Nome e qualifica del proponente del progetto: 
sb_p_1709411
Anno: 
2019
Abstract: 

The need for integrating data and theory for optimal learning and forecasting strategies is now a widely recognized idea, rationalizing the initial overwhelming enthusiasm for exclusive data-driven models. The Bayesian perspective is particularly suitable for this type of approach, combining a priori hypothesis on the system with information extracted from data. We recently developed a framework based on the notion of the "adjacent possible," capable of explaining regularities observed in several systems related to human activities, at different scales, capturing both microscopic and macroscopic features. The underlying mathematical formalization of the proposed mechanism, leading to a Polya's urn like modeling scheme, turns out to be a generalization of a well-known (in mathematicians and computer science communities) stochastic process, namely the Pitman-Yor (or Poisson-Dirichlet) process, in turn, a generalization of the Dirichlet process.
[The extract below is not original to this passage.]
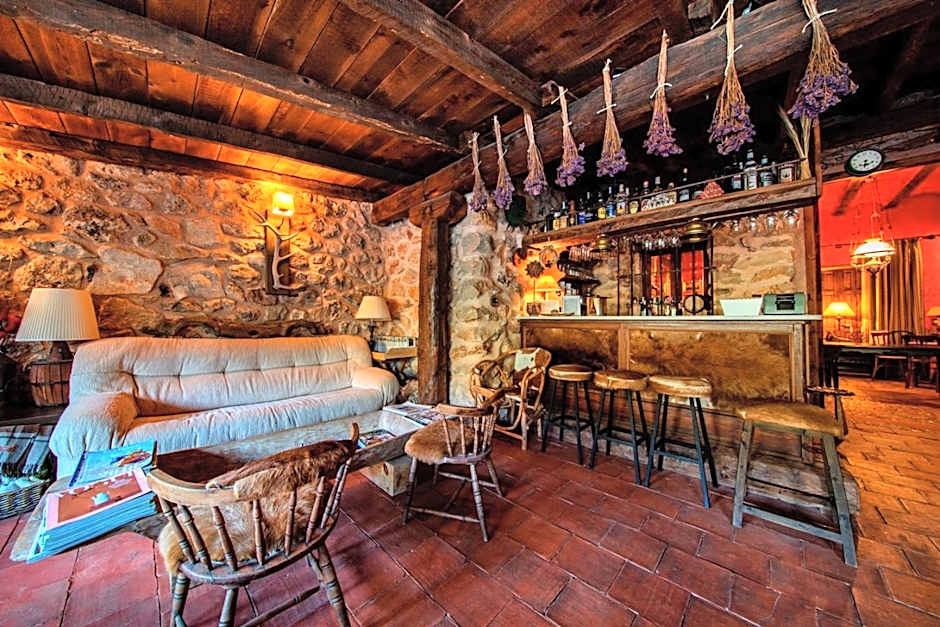 Hotel Royo Guarde-Puente Faco, junto al río Mundo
Those processes witnessed a renewed interest in the framework of Bayesian non-parametric inference for their suitability, when used in a hierarchical formulation, to uncover latent hierarchical structures, for instance in language modeling and clustering.
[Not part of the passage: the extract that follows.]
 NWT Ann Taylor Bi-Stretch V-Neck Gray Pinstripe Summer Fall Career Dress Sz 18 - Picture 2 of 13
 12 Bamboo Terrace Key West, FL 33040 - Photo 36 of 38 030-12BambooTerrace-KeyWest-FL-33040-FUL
The urn models perspective opens the way to new improvements both in the theoretical understanding of this kind of processes and in their predictive abilities. This project aims to deepen this connection. On the one hand, we will investigate the limits of exchangeability to generalize inference techniques to the case of more realistic situations where temporal correlations are taken into account. On the other hand, we will study the hierarchical multi urns model, where the connections with the hierarchical processes discussed above are still not clear. In parallel, models on graphs (random walk on expanding graphs), that generalize the urn model to better account for complex interdependences and correlations in the system under study, will be developed.

ERC: 
PE1_14
PE1_20
Componenti gruppo di ricerca: 
sb_cp_is_2167501
sb_cp_es_299638
Innovatività: 

This project opens completely new perspectives on stochastic processes widely used in Bayesian non-parametric inference. By elucidating the connection between the Bayesian framework, underlying stochastic processes and innovation dynamics modeling schemes (urn models and their counterpart as random walks on evolving graphs), it allows a deeper understanding of prediction strategies on systems featuring innovation. The project will mainly analyze databases related to human activities, but its finding could also be relevant in the analysis of biological systems so that to contribute to a predictive theory of evolution (Lässig et al., Nature Ecol. Evol. 2017). The possibility to overcome exchangeability, pointing to a more realistic time dependence of the posterior probability in a Bayesian framework, is a very relevant topic and could lead to important generalizations of existing inference schemes.

On a more theoretical ground, the present project proposes for the first time a complex systems view on Dirichlet-like processes. Those processes are related to the so-called "Sampling of Species Problem" or "Unseen Species Problem." Suppose we want to estimate the number of species belonging to an animal population. If one starts counting the different species upon encountering them, there will always be species never encountered. At each time step one can thus ask what is the probability to encounter a new species in the near future, or, better stated, whether the new encounter will be with an old (i.e., already seen) species or with a new one. Mathematically this corresponds to estimate the rate at which new events occur, and this is a very tough problem because it implies estimating the probability of events that never happened before. This is the general problem one faces when studying what is new: estimating its probability implies to be able to make accurate predictions about unseen events.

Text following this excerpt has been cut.